Greg Cote

What was biggest Miami sports story of 2017? Annual poll has 18 choices. Vote now!

Miami Hurricanes defensive back Dee Delaney (3) wears the turnover chain after intercepting a pass at Florida State on Oct. 7, 2017.
Miami Hurricanes defensive back Dee Delaney (3) wears the turnover chain after intercepting a pass at Florida State on Oct. 7, 2017. adiaz@miamiherald.com

We had it easy in 2016 with three stories that clearly stood out above the rest, although two made us sad. A year ago in our annual poll, you voted the tragic death of Jose Fernandez as the biggest story of the year, followed by the Dolphins ending their eight-year playoff drought, and then Dwyane Wade leaving the Miami Heat. Nothing else was close. But is anything as clear-cut for for 2017? We'll see. And you'll decide.

Previously we asked you to name the past year's top national sports story and you did (with results below). Now we invite you to select the 2017 Miami/South Florida sports story of the year, from a randomly presented top 18 of my choosing. You may vote for your top six (6). I offer no synopsis beyond the description phrase in the poll, because if it needs further explaining, it obviously wasn't that big or important to you. OK. Ready? Vote!

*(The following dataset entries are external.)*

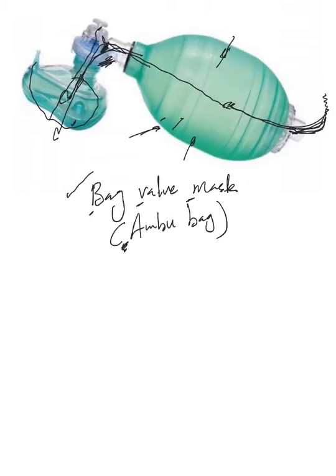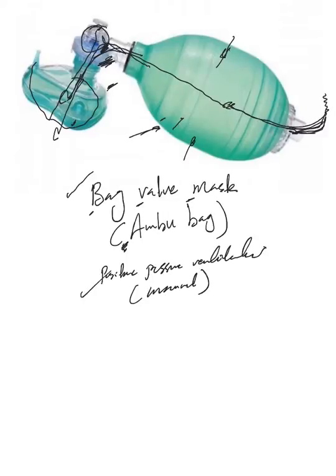Some ambu bags, like the ones we use in the ICU, have what we call a PEEP valve, because this is essentially positive pressure ventilation — except it's manual. We're not using a ventilator. The squeeze plus the PEEP valve adds more pressure and pushes the air inside.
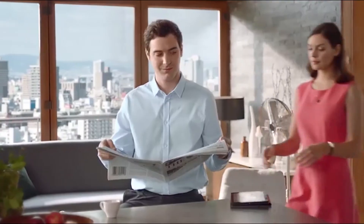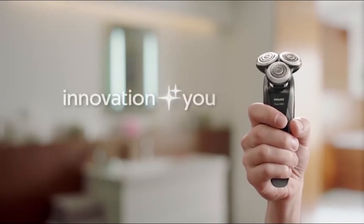1,000,000 veces por minuto atrapando hasta el último pelo. Descubre lo mejor de ti. Innovation and You. Philips.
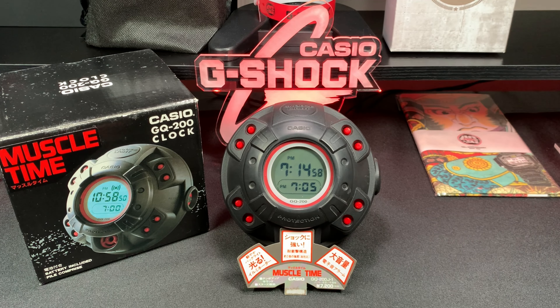Hello and welcome to Watch IQ. Today I have a Casio Muscle Time GQ200J1. It's an alarm clock so you can take it with you to the gym. You can use it in the bedroom for a single alarm, but it's a vintage Casio alarm clock and I found it on an auction site over in Japan and it had everything with it.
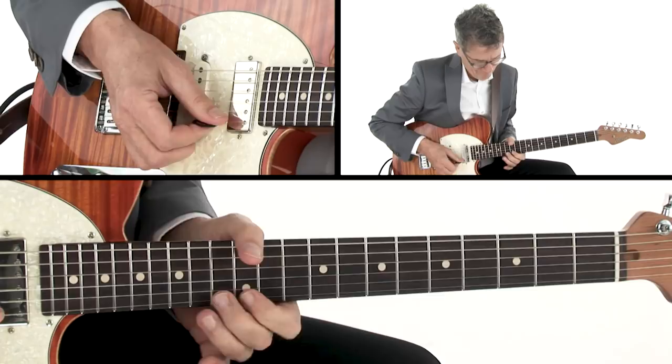Sometimes putting the guitar down and singing what you'd like to play can be the best choice. You'll learn to compose what you wish you could improvise to up your soloing game.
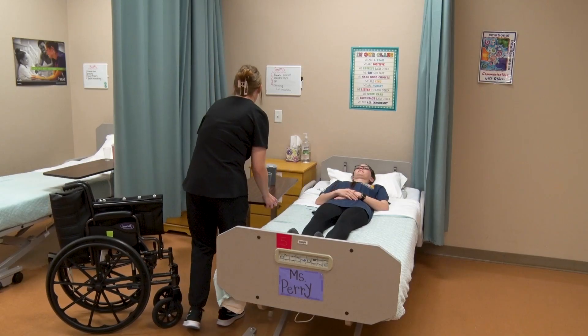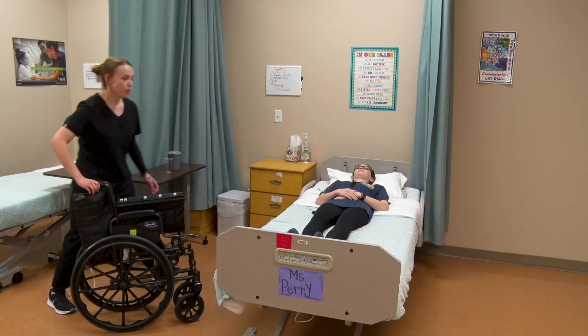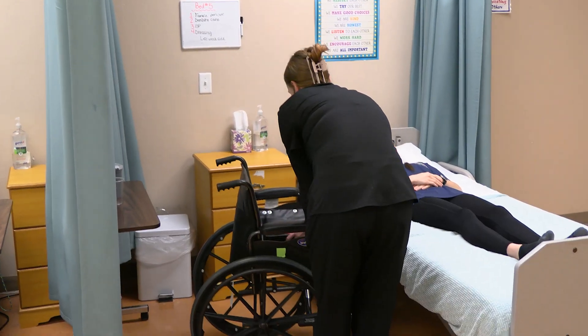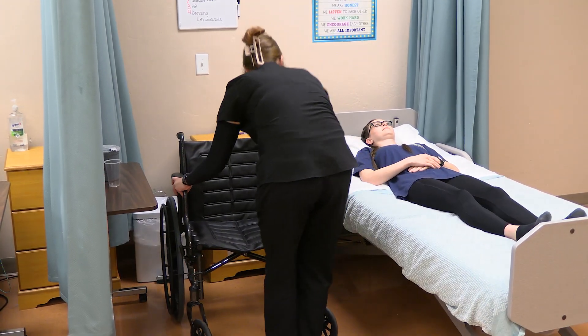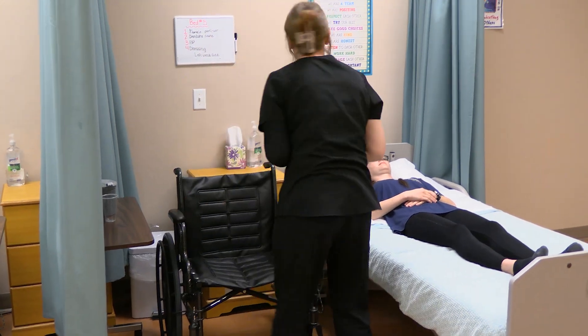Hi, Ms. Sophia. I am back with your wheelchair. I'm going to set that up first and then I'm going to get the walker, the gait belt, and your slippers. I'm locking my wheelchair brakes and I'll be right back.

NFL player protests voted biggest 2017 national story: We asked what was the biggest national sports story of 2017, then gave you The Associated Press Top 10 in jumbled order and allowed you to vote for your top three. That meant the highest vote total possible would be 33.3 percent if every participant used all three votes. Triple the percentages below for an idea of how often that story was included in the consensus of top threes. Your results:

No. 1. NFL player protests over social justice draws critics led by President Donald Trump — 20.14 percent

No. 2. Astros win first World Series to lift city devastated by Hurricane Harvey — 19.72 percent

No. 3. Patriots, in year that began with Tom Brady suspension, stage record rally to win Super Bowl — 14.31 percent

The rest: U.S. men, Italy fail to qualify for World Cup — 12.21 percent; Conor McGregor vs. Floyd Mayweather — 9.03 percent; Clemson comeback beats Alabama for college football title — 8.06 percent; College basketball investigated by FBI over recruiting corruption — 5.69 percent; Golden State led by Kevin Durant wins NBA Finals — 4.17 percent; USA Gymnastics rocked by sex-abuse scandal involving team doctor — 3.75 percent; and Russia banned from upcoming Winter Olympics over doping — 2.92 percent.